# ISO--Grilled Banana Pepper



## JGravesNBS (Jul 14, 2005)

Hi

 

Looking for recipe for “Grilled Banana Pepper stuffed w/ It. Saus.,Genoa Salami & Cheese”

 

Thanks, John


----------



## JGravesNBS (Jul 18, 2005)

*Roasted Hungarian Peppers*

*While waiting for reply I came up with this.*

* *

*Roasted Hungarian Peppers by John Graves*

 

*Ingredients:*

 

24 long yellow peppers (Hungarian)
Cream Cheese (soft) Chives & Onions (or flavor of your choice), soften in microwave

Oscar Mayer Hard Salami, sliced, 8 oz, 3 ½ “ diameter, or 12 slices with foreskin removed and halved

Lemon pepper seasoning
Parmesan cheese, freshly grated
Romano cheese, freshly grated (optional)

 

*Preparation:*

 

1.       Wash, cut off tops of peppers remove seeds and cores with long thin knife (grape fruit knife works great).

 

2.       Fill peppers half way with several knifes full of cream cheese.

 

3.       Roll salami (½ a slice) into tight funnel shape and twist into pepper through the cream cheese so it is completely hidden.

 

4.       “Pam” a 7 x 11 Pyrex dish and align peppers in dish.

 

5.       Sprinkle a little lemon pepper on them.
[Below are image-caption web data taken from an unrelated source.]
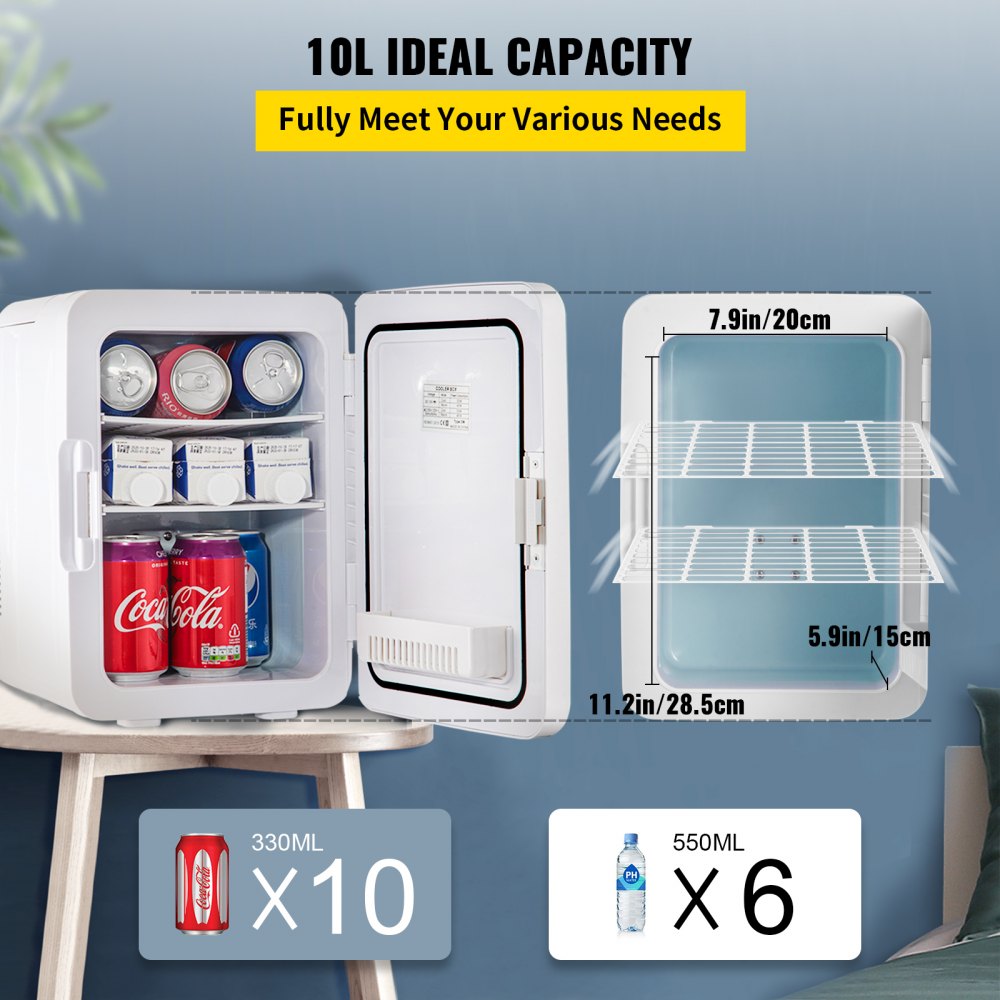 VEVOR Mini Nevera Pequeña Portátil 220V/12V 48W 10L Mini Refrigerador Compacto 26x25x35cm Mini-Frigorífico Portátil Rosa con Función de Frío y Calor para Maquillaje Cuidado la Piel Material ABS Coche
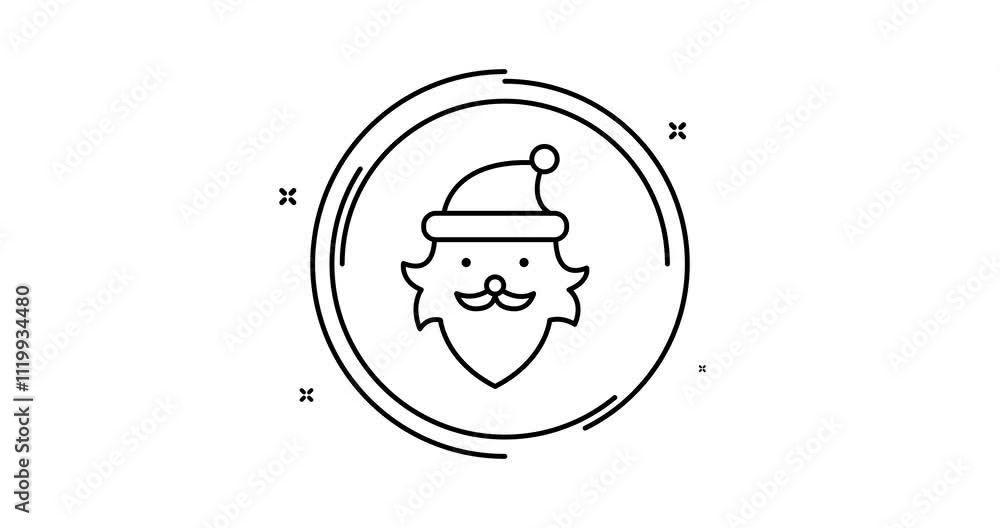 Poster santa claus animated line icon with alpha channel. santa claus rotation appearance 4k motion design 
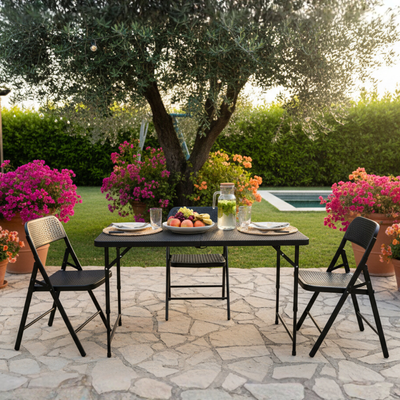 4FT Rattan Rectangular Folding Table (Black) – 120×60×74 cm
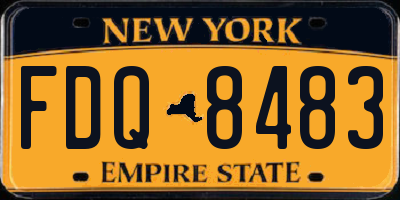 NY license plate FDQ8483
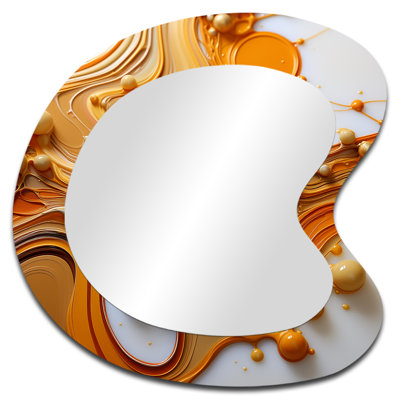 Fillare Yellow and white Fluid liquid charm - Liquid Ink Asymmetrical Unique Wall Mirror Decor, Yellow Unique Shape Large Mirror, Printed Metal Art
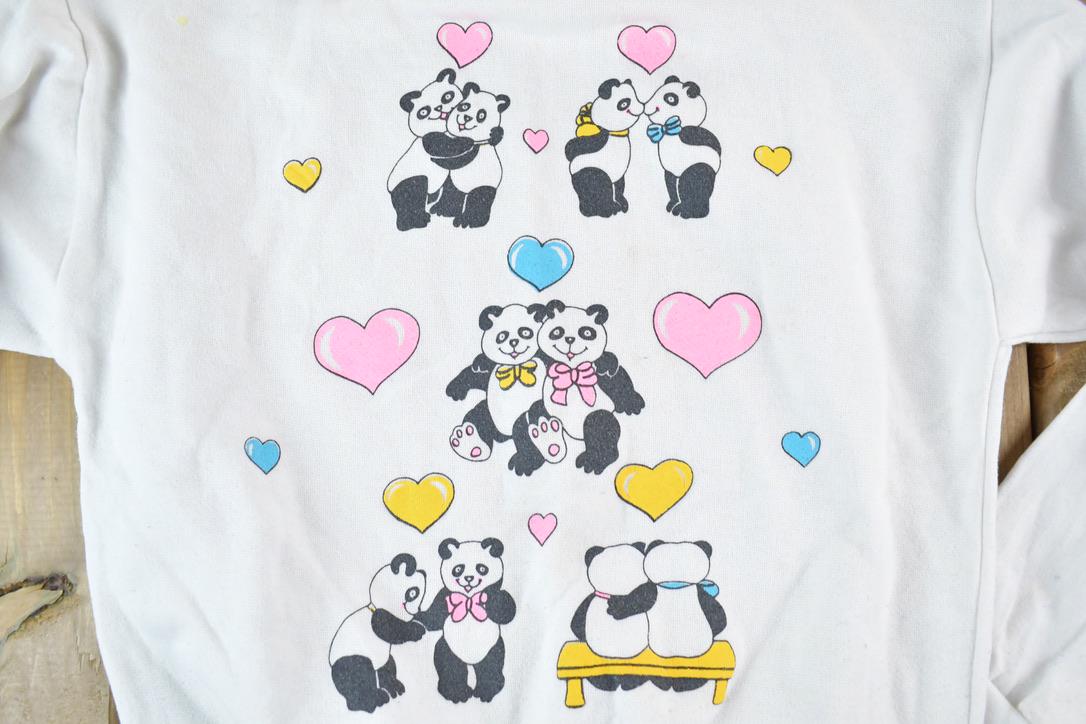 Vintage 1990s Cute Loving Panda Bears Crewneck Sweater Made In USA 90s Crewneck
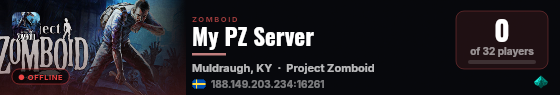 My PZ Server live status badge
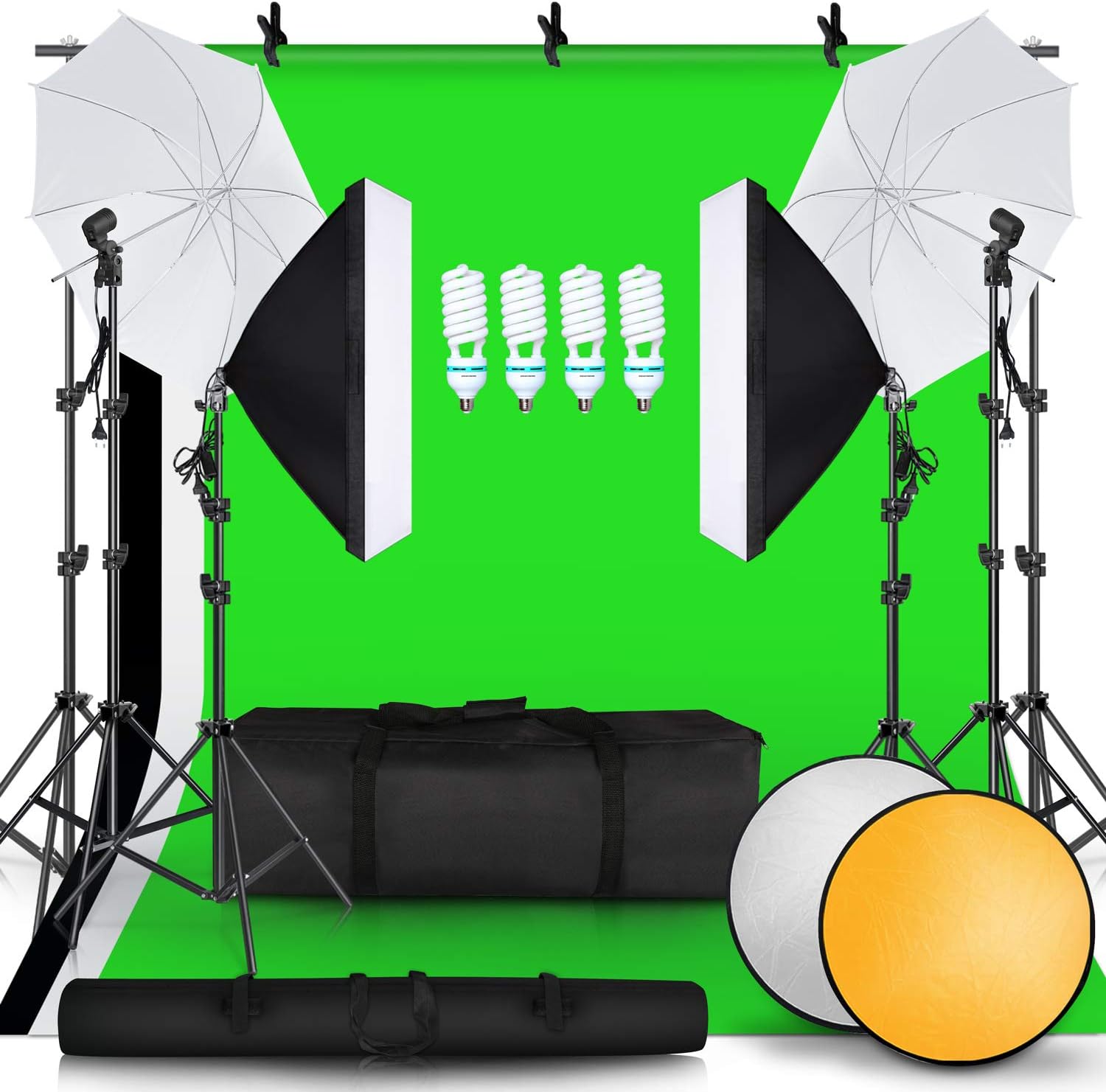 SH 2.6M x 3M/8.5ft x 10ft Background Support System and 4 x 85W 5500K Bulbs Umbrellas Softbox Continuous Lighting Kit for Photo Studio ProductPortrait and Video Shoot Photography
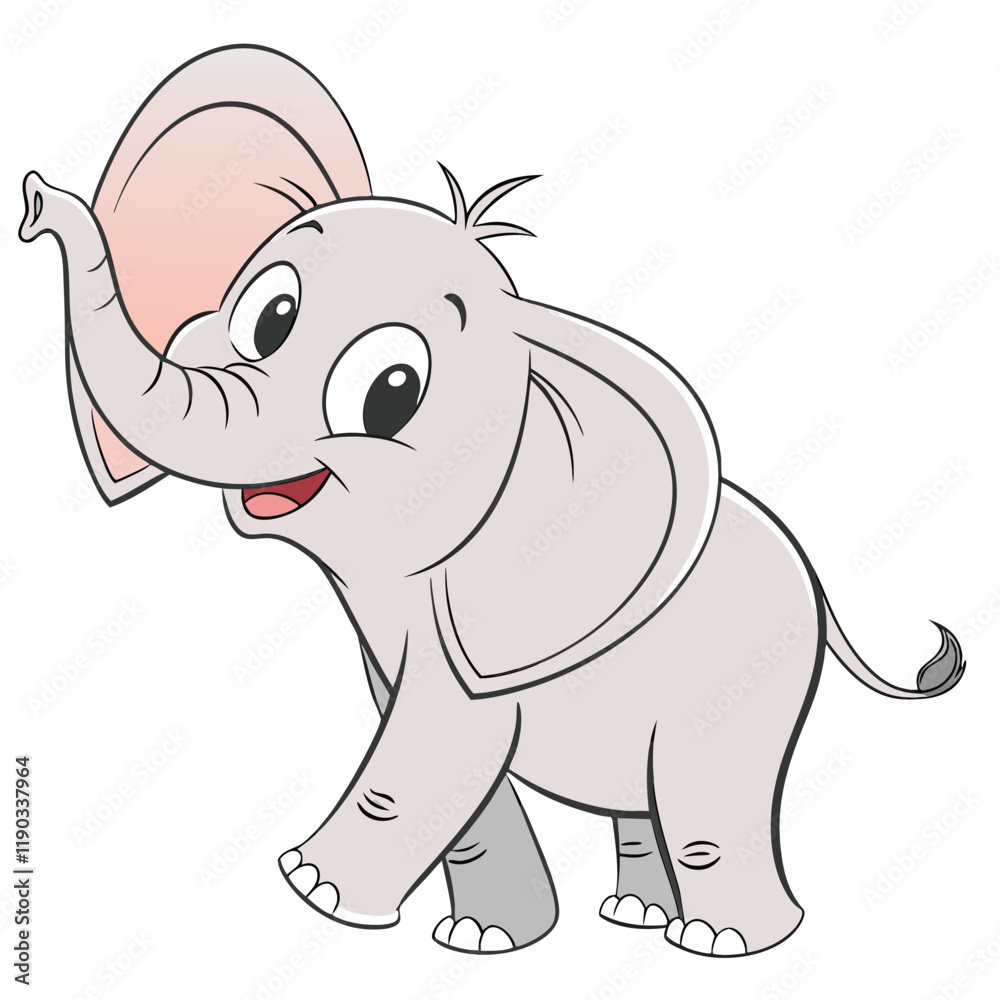 Fototapeta premium cute baby elephant white background eps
Then sprinkle Parmesan cheese on top. To give a little more "bite" add a little Romano cheese. 

 

6.       Bake peppers for about 35-45 minutes at 350 degrees or until a little brown on top.

* *

*7.      *Was a "hit" and not overly filling, stokes the appetite for the main course.


----------